### ABOUT THIS TASK
Please give an exact transcription of the lines below, from the one that contains "スタンダード ツインルーム" to the very last, with no other lines.

--------------------------------------------------

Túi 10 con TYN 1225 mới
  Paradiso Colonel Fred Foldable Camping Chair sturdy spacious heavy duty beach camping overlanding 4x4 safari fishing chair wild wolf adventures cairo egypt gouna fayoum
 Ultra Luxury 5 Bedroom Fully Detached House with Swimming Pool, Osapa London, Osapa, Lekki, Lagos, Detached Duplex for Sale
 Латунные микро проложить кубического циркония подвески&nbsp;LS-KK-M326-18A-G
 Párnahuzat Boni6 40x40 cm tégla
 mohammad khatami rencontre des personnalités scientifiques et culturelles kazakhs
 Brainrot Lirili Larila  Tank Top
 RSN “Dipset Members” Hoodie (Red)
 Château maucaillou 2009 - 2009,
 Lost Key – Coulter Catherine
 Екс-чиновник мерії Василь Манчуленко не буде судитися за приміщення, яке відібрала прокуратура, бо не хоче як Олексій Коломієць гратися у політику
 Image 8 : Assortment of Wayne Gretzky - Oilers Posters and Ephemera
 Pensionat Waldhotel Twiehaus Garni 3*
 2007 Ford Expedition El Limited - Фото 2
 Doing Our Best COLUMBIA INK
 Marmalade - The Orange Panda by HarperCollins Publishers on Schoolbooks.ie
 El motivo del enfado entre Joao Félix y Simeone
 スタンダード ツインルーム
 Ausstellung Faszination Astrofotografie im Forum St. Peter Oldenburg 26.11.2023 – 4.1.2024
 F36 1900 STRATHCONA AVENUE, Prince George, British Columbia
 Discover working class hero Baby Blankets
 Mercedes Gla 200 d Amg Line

--------------------------------------------------

### WRITTEN RESPONSE
 スタンダード ツインルーム
 Ausstellung Faszination Astrofotografie im Forum St. Peter Oldenburg 26.11.2023 – 4.1.2024
 F36 1900 STRATHCONA AVENUE, Prince George, British Columbia
 Discover working class hero Baby Blankets
 Mercedes Gla 200 d Amg Line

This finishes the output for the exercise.